1155 Sherbrooke Street West, 514-285-9000
For travelers on a princely budget, try the Fairmont Queen Elizabeth. The hotel is a Montreal landmark and a favorite among stars and heads of state. John Lennon wrote Give Peace a Chance in one of its suites. Rates from $250 before tax.
900 René Lévesque Boulevard West, 514-861-3511 or 1-800-257-7544
Eat and Drink
Montreal rivals New York as a capital of restaurants and cafes. Dining out is a favorite local pastime, especially in winter when the weather restricts activity, and there’s an abundance of world cuisines to sample all over the city. Small, family-owned restaurants offer the best ethnic fares and often for under $15 per person (tax and tip included). Lunch starts around noon and is served in most restaurants until 3pm. Dinner is an early affair in the city, starting at 6pm with many places closing by 10pm or 11pm on weekdays.
For the business crowd, it’s common to have a drink after work on Fridays, between 5pm and 7pm, so bars are usually very busy at this time. Between its Anglo-Saxon and French heritage, the city has garnered some of the best beers and wines in the world. For a sample, check out Hurley’s Irish Pub (1225 Crescent Street, website).

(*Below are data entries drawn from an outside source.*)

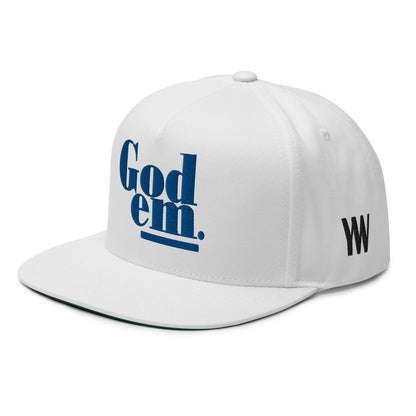 Godem Flat Bill Cap (White/Blue) Flat Embroidery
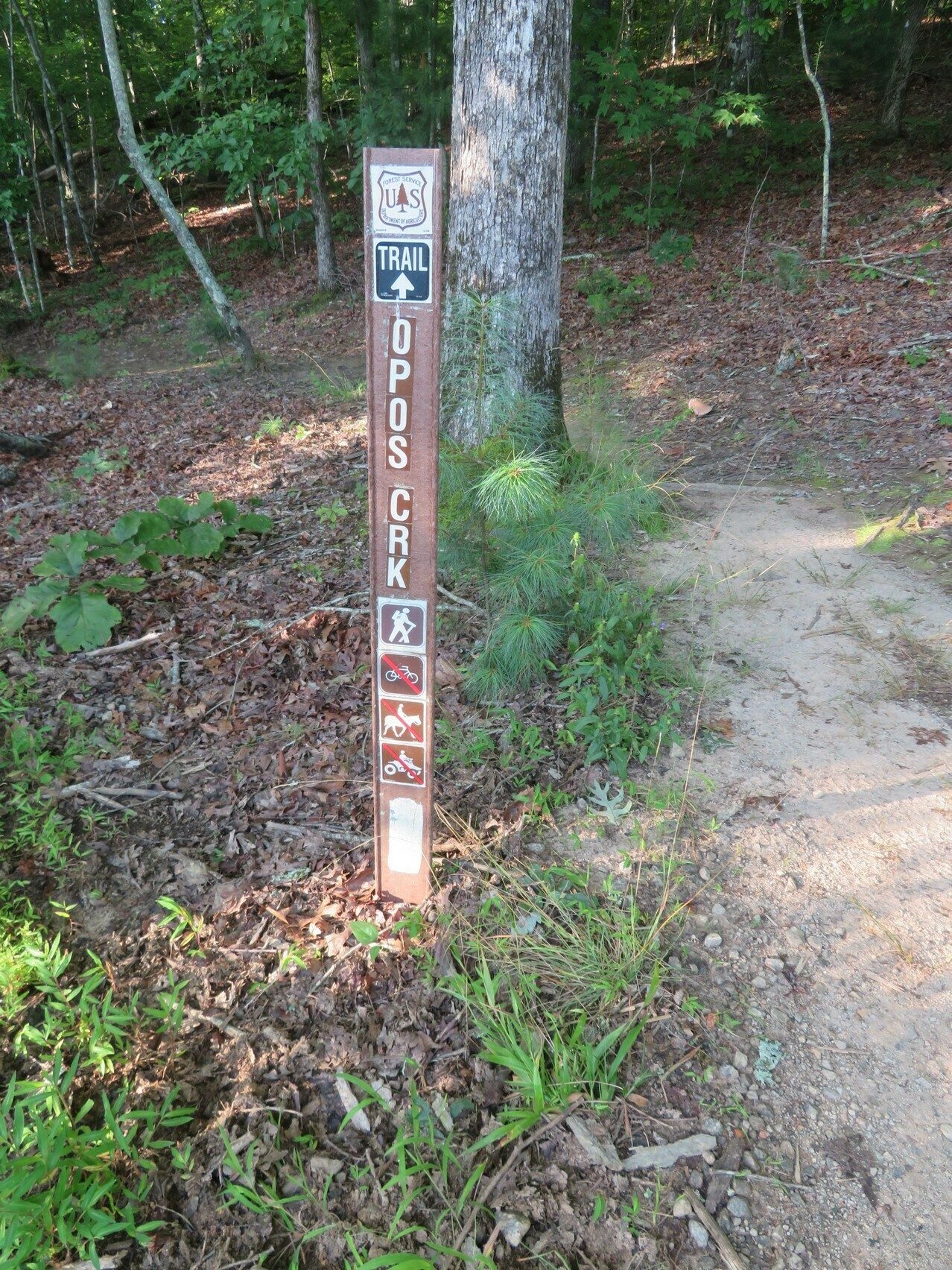 Marker at start of trail.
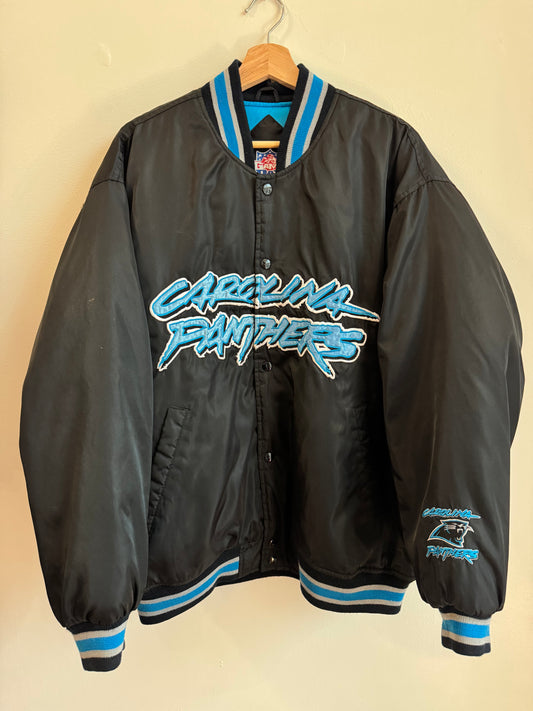 00s Carolina Panthers Cat Scratch Embroidered Game Day Jacket (M)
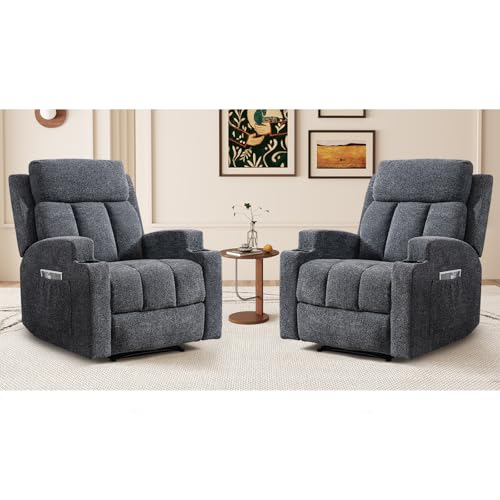 CANMOV Manual Massage Heat Recliner Chair Set of 2,Soft Fabric Recliner Chair with Overstuffed Arm and Back, Manual Reclining Single Sofa with 2 Cup Holders, Side Pocket for Living Room,Dark Grey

Le Cheval Blanc on rue Ontario (809 Ontario East, 514-522-0211, website) was the first brewpub in Montreal and some of their beers are available around town, as is the nearly lethal La Fin du Monde. At 9% alcohol, “fin” is a pretty accurate description of the effects it might have on your night. Unlike most of Canada, beer and wine can be bought in grocery stores in addition to the state-run liquor stores.
Some of Montreal’s specialties are also among the cheapest meals to be had. Stop for smoked meat at Schwartz’s Deli (3895 St. Lawrence Boulevard, 514-842-4813, website). The place is always packed and you might have to line up, but it’s worth the wait. Poutine, a Québécois dish of French fries topped with cheese curds and gravy, has to be experienced at La Banquise (994 Rachel Street East, 514-525-2415, website). This diner offers over a dozen variations on the dish and is open 24 hours, so you can hop over after a night of clubbing on nearby St. Denis Street. Lovers of cheese won’t be disappointed either – Quebec has over 300 varieties of cheese. A great shop to pick up some cheese is Fromagerie du Marché Atwater in the Marché Atwater (Atwater Avenue, 514-932-9731).

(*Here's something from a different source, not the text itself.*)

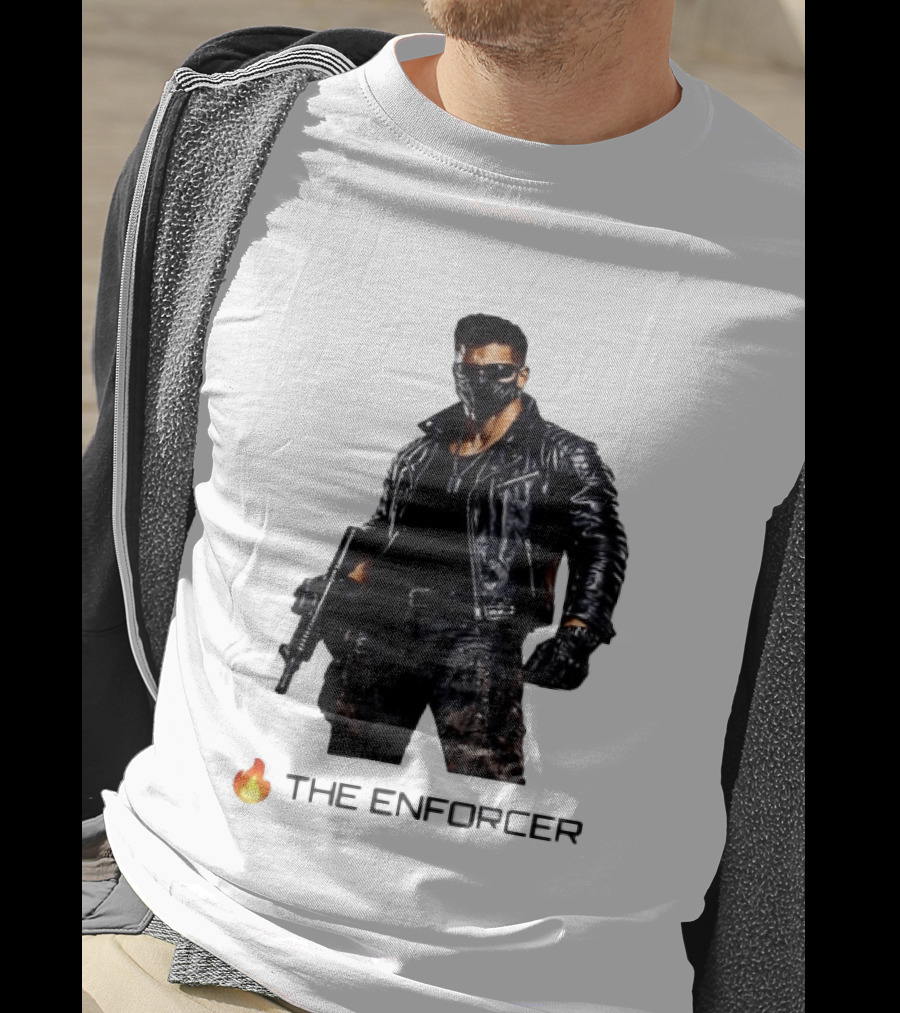 The Enforcer Leather Jacket Warrior With Mask And Fire T-Shirt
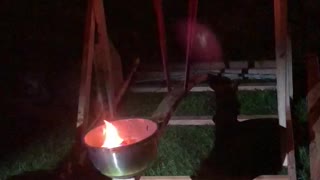 Backyard Catapult Launches Flames Skyward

Many of the medium-range restaurants offer dinner and a show. Le Milsa (1445 Bishop Street, 514-985-0777,website), a Brazilian Churrascaria or rotisserie, lets you sample a broad variety of barbecued meats while watching a Carnival style dance show. Dinner for two, with unlimited servings of meat, is around $85, tax and tip included. La Menara (256 St. Paul Street East, 514-861-1989, website), with its Thousand and One Nights decor, has some of the best Moroccan food in town. Savor their couscous while watching the belly dancers sway to the rhythms, all for under a $100 for two, tax and tip included.
To dine à l’Européenne, make sure you have at least three hours free and head into Caprice Fondue (70 Prince Arthur Street, 514-845-0183) in the lively Plateau district. Their fondue menu – starting with cheese fondue, followed by your choice of meat or seafood fondue and capped with a chocolate fondue – will leave you thinking fondly of this French resto-bar. Dinner pour deux costs around $90, tax and tip included.

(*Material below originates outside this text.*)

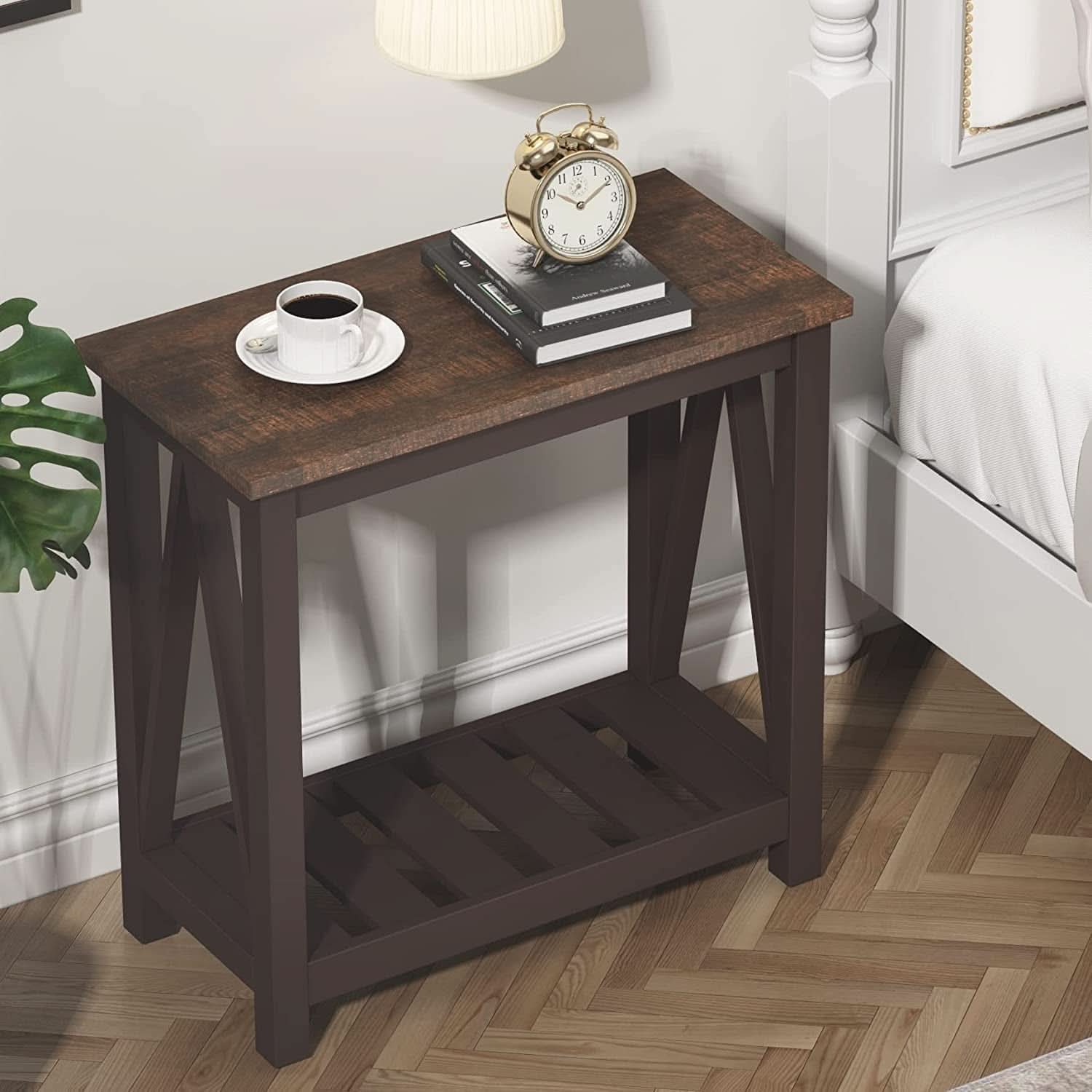 Espresso Narrow End Table With Shelf 23.6 Inch Rustic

For a real splurge, make reservations at la Queue de Cheval (1221 René Lévesque Boulevard West, 514-390-0090, website) an upscale steak house. Their prime beef is excellent, as is their wine selection, but expect to pay around $200 for dinner for two.
You’ll find outdoor and indoor cafes all over the city, but still one of the best – and cheapest – is Tim Horton’s (website). The chain is the Canadian equivalent of Dunkin Donuts and most Canadians swear by its coffee. Try the French Vanilla coffee, if you like sweet, or sample their Iced Cappuccino, a.k.a. Iced Cap, in the summer.
Botanical Gardens. The Chinese and Japanese gardens are beautiful, especially in the fall, when they are lit up by colorful lanterns.
4101 Sherbrooke Street East
Admission: High season (May – November) $18.75, $14 students, $17.50 seniors, ages 5 – 17 $9.50, ages 2 – 4 $2.50;
Low season (November – May) $13.50, $10 students and seniors, ages 5 – 17 $6.75, ages 2 – 4 $2
Hours: May 15 – Sept 4 every day 9am – 6pm, Sept 5 – Nov 2 9am -9pm, Nov 4 to May 14 9am – 5pm. Closed every Monday from November to May.
Chateau Ramezay on Notre Dame Street, just east of the Basilica. The gardens are worth a look in the summer and access to them is free.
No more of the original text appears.